2+5, le compte n’est pas bon !
La récente promotion « 2+5 gratuit » lancée par une chaine de supermarché en Belgique a suscité de nombreuses réactions négatives. Fevia dénonce depuis longtemps l’impact néfaste des promotions déraisonnables. Si cette stratégie commerciale peut sembler avantageuse pour le consommateur à court terme, elle soulève des préoccupations majeures quant à ses effets à moyen terme sur l’ensemble de la chaîne agro-alimentaire, des producteurs aux distributeurs, jusqu’aux consommateurs eux-mêmes.

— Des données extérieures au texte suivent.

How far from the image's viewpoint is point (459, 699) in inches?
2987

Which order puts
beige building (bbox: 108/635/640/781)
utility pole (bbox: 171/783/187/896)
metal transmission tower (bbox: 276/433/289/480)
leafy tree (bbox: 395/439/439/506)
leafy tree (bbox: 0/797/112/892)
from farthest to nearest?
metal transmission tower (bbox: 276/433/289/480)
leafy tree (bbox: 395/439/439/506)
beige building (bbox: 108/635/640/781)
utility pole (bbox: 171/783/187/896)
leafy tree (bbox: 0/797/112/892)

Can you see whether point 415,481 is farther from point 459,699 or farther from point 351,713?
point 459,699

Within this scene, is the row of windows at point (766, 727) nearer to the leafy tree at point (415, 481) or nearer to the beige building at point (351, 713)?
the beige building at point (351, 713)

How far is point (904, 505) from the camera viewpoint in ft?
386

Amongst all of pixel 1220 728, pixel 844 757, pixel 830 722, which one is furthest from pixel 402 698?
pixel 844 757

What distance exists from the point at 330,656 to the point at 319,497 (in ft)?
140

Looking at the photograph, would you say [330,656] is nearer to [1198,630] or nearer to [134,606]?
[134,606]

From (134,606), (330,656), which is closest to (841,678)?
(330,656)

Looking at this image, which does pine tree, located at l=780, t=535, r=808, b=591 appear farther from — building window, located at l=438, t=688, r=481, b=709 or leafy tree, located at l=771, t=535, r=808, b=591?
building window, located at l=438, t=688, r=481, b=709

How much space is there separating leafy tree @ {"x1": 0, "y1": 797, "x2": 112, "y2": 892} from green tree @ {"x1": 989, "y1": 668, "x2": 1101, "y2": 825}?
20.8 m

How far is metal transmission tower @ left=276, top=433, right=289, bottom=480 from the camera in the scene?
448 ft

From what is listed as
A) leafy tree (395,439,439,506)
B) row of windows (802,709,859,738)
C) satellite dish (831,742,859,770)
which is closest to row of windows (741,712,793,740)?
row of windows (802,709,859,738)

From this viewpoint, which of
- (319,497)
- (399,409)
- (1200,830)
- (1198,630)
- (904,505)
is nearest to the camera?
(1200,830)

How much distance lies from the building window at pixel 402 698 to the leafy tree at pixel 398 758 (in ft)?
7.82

Les promotions sont bien sûr importantes pour la stratégie commerciale de tous les opérateurs de la chaîne. Les promotions peuvent également être utiles, par exemple pour lutter contre le gaspillage alimentaire, familiariser les consommateurs avec les produits innovants et les nouveaux produits et stimuler les ventes. Cependant, les promotions déraisonnables ternissent l'image des denrées alimentaires en les dévalorisent aux yeux des consommateurs. En outre, de nombreuses promotions sont entièrement ou partiellement supportées par le producteur, ce qui peut peser sur la rentabilité économique des entreprises alimentaires.
Producteurs fragilisés
Les producteurs sont les premiers à subir les conséquences de telles promotions agressives. En effet, ce sont eux qui supportent le coût de ces promotions, pas le distributeur. Par conséquent, pour permettre aux distributeurs de proposer des offres aussi généreuses, les fournisseurs sont souvent contraints de réduire drastiquement leurs marges. Cette pression économique peut conduire à une révision à la baisse des investissements dans l’innovation ou la durabilité, et à même terme, une fragilisation de l’ensemble du tissu agricole et industriel local.

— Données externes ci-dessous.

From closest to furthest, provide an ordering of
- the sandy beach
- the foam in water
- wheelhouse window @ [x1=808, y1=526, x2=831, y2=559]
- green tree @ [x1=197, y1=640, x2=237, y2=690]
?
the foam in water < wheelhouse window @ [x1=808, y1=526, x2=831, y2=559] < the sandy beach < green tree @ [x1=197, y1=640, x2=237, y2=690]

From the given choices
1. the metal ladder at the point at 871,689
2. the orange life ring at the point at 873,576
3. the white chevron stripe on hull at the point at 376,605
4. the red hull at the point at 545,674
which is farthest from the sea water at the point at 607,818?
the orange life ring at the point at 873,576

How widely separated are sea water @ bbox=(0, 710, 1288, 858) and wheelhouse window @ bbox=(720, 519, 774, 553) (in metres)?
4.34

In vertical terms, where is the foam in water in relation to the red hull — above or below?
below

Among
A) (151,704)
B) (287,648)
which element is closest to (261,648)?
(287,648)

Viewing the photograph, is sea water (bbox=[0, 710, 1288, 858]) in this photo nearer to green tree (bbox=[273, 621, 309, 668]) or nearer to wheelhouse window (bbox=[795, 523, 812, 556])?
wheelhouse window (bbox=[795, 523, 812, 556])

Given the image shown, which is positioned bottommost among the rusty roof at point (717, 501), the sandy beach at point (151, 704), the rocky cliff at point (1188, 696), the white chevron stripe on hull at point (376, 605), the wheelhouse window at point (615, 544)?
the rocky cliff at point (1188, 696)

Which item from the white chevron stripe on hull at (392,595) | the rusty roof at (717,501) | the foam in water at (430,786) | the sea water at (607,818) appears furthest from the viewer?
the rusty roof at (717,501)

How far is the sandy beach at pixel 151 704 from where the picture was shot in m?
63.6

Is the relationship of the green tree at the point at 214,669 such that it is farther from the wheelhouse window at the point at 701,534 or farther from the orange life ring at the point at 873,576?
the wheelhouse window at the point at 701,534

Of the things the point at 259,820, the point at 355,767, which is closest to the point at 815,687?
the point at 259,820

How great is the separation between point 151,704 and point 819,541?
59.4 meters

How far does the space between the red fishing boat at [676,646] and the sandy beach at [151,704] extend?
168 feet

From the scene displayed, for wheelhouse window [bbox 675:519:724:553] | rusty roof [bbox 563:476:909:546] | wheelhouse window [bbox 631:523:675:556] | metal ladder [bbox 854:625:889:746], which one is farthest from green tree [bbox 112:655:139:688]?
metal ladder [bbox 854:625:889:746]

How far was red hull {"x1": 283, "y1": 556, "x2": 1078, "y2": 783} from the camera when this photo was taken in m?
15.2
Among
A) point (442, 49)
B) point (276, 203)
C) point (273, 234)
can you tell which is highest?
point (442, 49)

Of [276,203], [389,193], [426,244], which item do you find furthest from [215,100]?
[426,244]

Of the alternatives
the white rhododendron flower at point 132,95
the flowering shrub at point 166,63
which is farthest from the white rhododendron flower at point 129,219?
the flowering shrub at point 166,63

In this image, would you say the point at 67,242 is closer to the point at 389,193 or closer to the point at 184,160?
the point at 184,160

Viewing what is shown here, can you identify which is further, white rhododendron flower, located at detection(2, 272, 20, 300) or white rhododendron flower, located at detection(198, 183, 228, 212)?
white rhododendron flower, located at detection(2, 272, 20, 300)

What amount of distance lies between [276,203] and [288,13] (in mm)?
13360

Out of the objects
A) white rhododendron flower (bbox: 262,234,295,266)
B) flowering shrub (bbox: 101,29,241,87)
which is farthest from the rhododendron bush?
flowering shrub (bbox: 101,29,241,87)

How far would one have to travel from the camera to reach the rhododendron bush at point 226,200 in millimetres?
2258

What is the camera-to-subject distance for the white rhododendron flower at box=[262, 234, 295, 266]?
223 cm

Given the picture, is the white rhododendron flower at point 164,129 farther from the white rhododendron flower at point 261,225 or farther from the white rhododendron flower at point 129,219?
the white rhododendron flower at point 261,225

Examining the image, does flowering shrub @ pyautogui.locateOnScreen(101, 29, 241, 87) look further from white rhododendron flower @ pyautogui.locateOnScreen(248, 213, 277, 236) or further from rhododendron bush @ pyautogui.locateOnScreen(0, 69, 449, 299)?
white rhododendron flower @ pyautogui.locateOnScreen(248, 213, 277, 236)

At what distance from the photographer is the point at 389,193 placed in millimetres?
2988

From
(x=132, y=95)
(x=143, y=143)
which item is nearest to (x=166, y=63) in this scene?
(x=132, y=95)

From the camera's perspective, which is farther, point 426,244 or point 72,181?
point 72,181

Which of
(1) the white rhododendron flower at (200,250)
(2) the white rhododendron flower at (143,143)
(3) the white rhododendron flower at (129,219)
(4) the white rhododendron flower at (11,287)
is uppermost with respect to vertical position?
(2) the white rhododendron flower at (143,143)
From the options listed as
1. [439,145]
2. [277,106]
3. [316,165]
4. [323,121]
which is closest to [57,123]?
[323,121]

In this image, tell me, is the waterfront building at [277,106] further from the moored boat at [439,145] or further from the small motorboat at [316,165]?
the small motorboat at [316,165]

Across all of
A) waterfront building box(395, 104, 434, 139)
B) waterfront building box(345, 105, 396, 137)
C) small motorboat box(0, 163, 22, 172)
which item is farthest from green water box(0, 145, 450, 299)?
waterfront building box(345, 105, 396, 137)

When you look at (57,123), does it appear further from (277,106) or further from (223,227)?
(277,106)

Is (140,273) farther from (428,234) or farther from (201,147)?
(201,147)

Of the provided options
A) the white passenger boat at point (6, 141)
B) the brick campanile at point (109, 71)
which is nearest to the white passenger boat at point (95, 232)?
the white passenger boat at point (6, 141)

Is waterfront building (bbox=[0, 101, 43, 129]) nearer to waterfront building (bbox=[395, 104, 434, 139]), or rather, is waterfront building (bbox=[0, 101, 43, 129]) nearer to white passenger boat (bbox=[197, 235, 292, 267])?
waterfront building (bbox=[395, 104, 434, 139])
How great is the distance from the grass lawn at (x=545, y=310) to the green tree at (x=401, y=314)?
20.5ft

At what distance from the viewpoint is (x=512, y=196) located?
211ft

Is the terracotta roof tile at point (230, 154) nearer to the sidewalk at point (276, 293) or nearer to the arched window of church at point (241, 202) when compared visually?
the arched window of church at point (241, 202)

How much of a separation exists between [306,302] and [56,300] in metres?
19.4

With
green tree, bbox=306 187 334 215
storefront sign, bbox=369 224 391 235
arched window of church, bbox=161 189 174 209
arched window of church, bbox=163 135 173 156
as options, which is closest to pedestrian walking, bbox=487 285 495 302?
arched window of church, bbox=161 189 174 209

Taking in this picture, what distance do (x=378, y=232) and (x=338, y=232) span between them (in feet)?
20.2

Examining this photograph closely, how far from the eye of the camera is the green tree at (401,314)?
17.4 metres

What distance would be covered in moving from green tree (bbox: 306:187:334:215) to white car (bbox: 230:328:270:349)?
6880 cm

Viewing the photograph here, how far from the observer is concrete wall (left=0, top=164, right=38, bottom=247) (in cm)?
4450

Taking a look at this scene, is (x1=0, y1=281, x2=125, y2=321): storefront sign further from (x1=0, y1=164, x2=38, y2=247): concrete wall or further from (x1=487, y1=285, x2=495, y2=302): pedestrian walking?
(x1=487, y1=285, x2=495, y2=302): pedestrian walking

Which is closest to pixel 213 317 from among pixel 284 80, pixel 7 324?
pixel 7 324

Distributeurs : distorsion de la concurrence
Si le supermarché dans lequel a lieu la méga-promotion peut tirer profit d’un afflux temporaire de clients, cette stratégie crée une distorsion de concurrence. Les autres distributeurs, notamment les enseignes locales, peinent à suivre ce rythme promotionnel sans compromettre leur viabilité économique. Cela peut engendrer une guerre des prix, une érosion des marges et une concentration du marché au détriment de la diversité commerciale.

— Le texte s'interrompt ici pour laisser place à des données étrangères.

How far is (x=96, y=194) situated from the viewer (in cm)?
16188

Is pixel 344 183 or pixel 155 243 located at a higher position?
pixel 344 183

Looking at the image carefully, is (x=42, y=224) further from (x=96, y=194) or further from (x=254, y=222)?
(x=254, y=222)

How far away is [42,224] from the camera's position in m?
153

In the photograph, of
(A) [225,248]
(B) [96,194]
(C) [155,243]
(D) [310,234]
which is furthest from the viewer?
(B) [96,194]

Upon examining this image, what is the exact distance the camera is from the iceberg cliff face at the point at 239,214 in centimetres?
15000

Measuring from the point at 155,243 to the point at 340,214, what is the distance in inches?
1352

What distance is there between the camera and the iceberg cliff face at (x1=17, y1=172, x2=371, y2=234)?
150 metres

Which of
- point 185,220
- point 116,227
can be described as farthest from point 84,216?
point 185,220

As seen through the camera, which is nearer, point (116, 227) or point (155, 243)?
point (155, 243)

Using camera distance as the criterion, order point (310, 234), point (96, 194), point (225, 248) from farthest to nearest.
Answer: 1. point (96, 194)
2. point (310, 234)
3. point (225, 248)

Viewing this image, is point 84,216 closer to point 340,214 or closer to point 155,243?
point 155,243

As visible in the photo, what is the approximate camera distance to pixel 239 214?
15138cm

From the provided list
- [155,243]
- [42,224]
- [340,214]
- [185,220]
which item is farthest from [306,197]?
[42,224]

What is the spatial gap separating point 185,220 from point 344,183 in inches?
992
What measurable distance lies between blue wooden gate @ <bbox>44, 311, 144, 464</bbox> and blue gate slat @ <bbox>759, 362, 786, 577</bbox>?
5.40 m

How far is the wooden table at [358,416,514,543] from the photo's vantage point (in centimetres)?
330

Consommateurs perdants à moyen terme
À première vue, le consommateur semble bénéficier de cette offre. Toutefois, à moyen terme, les effets peuvent être inverses. La standardisation des produits, la disparition de certaines marques ou de producteurs locaux sont autant de conséquences possibles. De plus, ces promotions incitent à la surconsommation, avec des impacts négatifs sur la santé publique et l’environnement.
Comment est-ce possible ?
Le fournisseur peut vendre à perte, pas le distributeur. En Belgique, la loi interdit depuis longtemps la vente à perte B2C (« Business-to-Consumer »). Le législateur craignait que les stratégies de prix consistant à proposer systématiquement des produits à un prix inférieur au prix d'achat n'entraînent une forme de distorsion de la concurrence qui nuirait principalement aux petits commerçants et aux consommateurs (sic).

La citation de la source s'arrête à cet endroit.